La députée insoumise a alors dénoncé des "condamnations à retardement" de la part du pouvoir, ainsi qu’un "soutien à reculons", visant notamment Emmanuel Macron, qui ne s'est pas prononcé sur l'affaire. Elle a aussi regretté l’absence de membres du gouvernement lors d’un rassemblement contre le racisme organisé samedi 4 avril à Saint-Denis.
En réponse, Sébastien Lecornu, a dénoncé une "autre ambiguïté", affirmant qu'"il ne peut pas y avoir de discrimination à la carte". Il a insisté sur le fait que toutes les formes de discrimination devaient être combattues avec la même fermeté.
"Ce qui est abject pour le racisme est abject pour l’antisémitisme, pour l’homophobie, pour l’ensemble des discriminations", a-t-il déclaré, alors que le mouvement fondé par Jean-Luc Mélenchon est régulièrement accusé par ses opposants de complaisance face à l’antisémitisme.
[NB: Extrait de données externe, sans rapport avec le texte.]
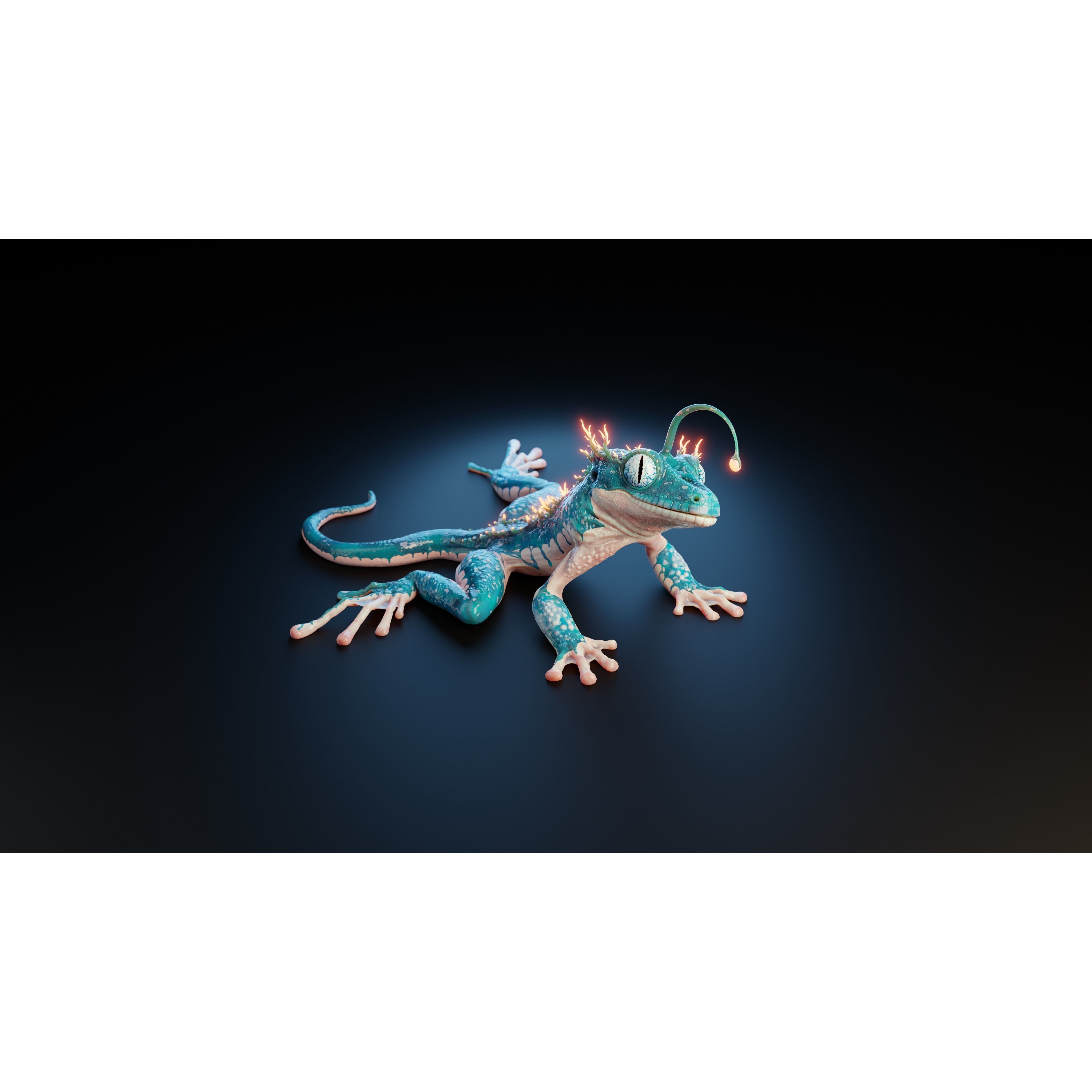 Fantasy Reptile rigged x6 color variatios Low-poly 3D model 8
Le Premier ministre a également indiqué avoir demandé au préfet de Seine-Saint-Denis de se constituer partie civile dans cette affaire, qui a pris une tournure judiciaire. Une enquête a en effet été ouverte à Paris pour des injures à caractère raciste.
Samedi 4 avril, plusieurs milliers de personnes se sont rassemblées à Saint-Denis pour exprimer leur soutien à Bally Bagayoko et dénoncer les propos racistes dont il a été la cible.